Carving out time for a 20-minute focus on well-being is a paradigm shift. The 20-minute focus can occur at any time, but ideally, it happens during the school day. Try some of these strategies for students, staff, and educational leaders:
- Just as teachers assign students 20 minutes of silent reading, they can shift gears and assign students to move, exercise, meditate or walk.
- During planning periods, urge teachers to dedicate 20 minutes of their time to doing something relaxing – taking time to focus on themselves. Try journaling for 20 minutes. If your school has a treadmill or elliptical machine, use it for 20 minutes. Find a tree outside with a bench and allow the sun and wind to rejuvenate your well-being. It is amazing what nature can do for your overall mood and energy levels.
- Educational leaders will benefit from carving out 20 minutes after lunch to focus on themselves. Consider taking a walk, reading in the library or taking quiet time to simply catch your breath.

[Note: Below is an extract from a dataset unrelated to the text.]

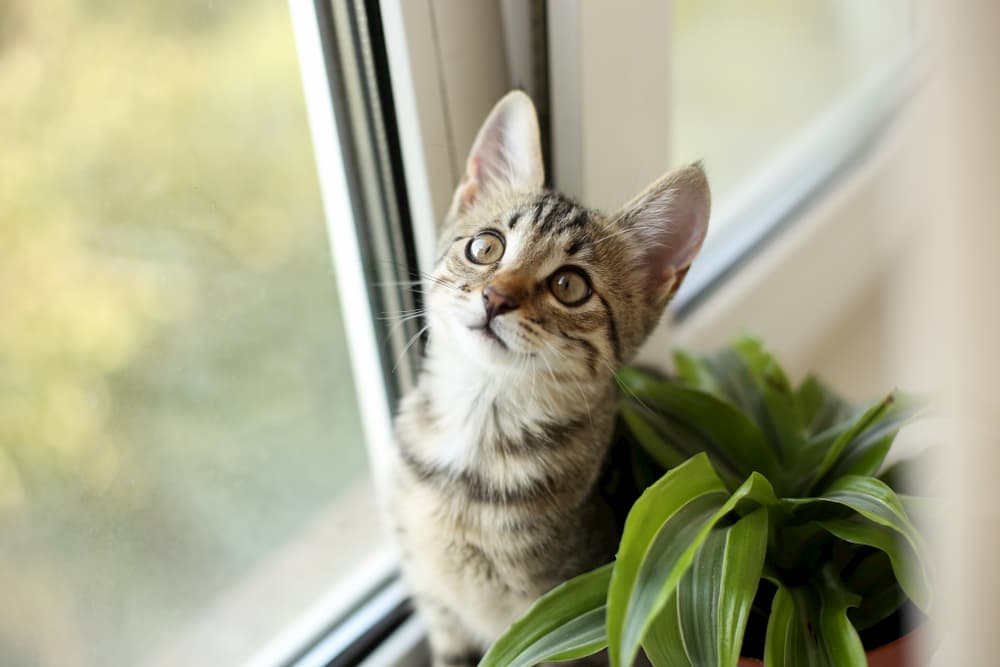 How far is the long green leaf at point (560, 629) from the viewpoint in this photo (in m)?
0.62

- After work, find 20 minutes to allow your brain to relax by reading a book, doing a crossword puzzle or sitting on the porch and watching traffic go by. This will have a positive impact on mood, relieve stress, and boost self-esteem, centeredness, and purpose.

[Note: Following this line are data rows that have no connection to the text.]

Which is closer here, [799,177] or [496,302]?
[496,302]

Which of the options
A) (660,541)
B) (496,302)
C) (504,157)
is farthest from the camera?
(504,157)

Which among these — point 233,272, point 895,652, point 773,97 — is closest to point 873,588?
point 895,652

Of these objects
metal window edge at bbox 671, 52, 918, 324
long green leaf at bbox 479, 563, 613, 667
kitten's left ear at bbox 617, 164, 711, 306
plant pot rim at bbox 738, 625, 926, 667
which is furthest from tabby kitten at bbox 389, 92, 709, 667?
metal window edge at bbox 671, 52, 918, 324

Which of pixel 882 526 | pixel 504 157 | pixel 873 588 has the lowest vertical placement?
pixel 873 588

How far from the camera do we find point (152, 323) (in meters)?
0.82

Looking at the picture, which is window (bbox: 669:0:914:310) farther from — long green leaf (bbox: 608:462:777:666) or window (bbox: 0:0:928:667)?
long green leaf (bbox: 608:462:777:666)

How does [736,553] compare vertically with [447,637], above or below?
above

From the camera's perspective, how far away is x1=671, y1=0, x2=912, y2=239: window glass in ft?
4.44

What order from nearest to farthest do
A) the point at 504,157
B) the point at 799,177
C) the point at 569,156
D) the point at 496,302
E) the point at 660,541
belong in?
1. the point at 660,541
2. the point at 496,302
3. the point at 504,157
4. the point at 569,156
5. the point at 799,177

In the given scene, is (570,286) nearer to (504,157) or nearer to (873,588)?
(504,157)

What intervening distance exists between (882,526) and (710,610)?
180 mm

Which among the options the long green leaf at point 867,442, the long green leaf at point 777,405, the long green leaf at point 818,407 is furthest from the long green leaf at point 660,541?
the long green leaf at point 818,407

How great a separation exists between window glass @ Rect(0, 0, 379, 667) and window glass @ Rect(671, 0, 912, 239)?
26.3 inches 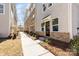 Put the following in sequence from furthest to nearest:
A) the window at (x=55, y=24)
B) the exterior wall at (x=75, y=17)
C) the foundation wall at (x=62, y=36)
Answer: the window at (x=55, y=24), the foundation wall at (x=62, y=36), the exterior wall at (x=75, y=17)

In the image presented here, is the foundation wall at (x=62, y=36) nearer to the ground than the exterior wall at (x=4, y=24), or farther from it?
nearer to the ground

These are just a few strategies that can help students, teachers and educational leaders to implement #Find20 in schools. Time is a valuable resource in education. Traditionally, we try to maximize each moment to ensure students are achieving, growing and ready for the next level. I would argue that we can optimize our use of time and, likely, those very same outcomes, by finding 20 minutes to focus on ourselves and derive an increase in focus, attentiveness, and productivity. By reallocating this time each day, teachers and education leaders will be surprised by how much better they will feel physically and mentally.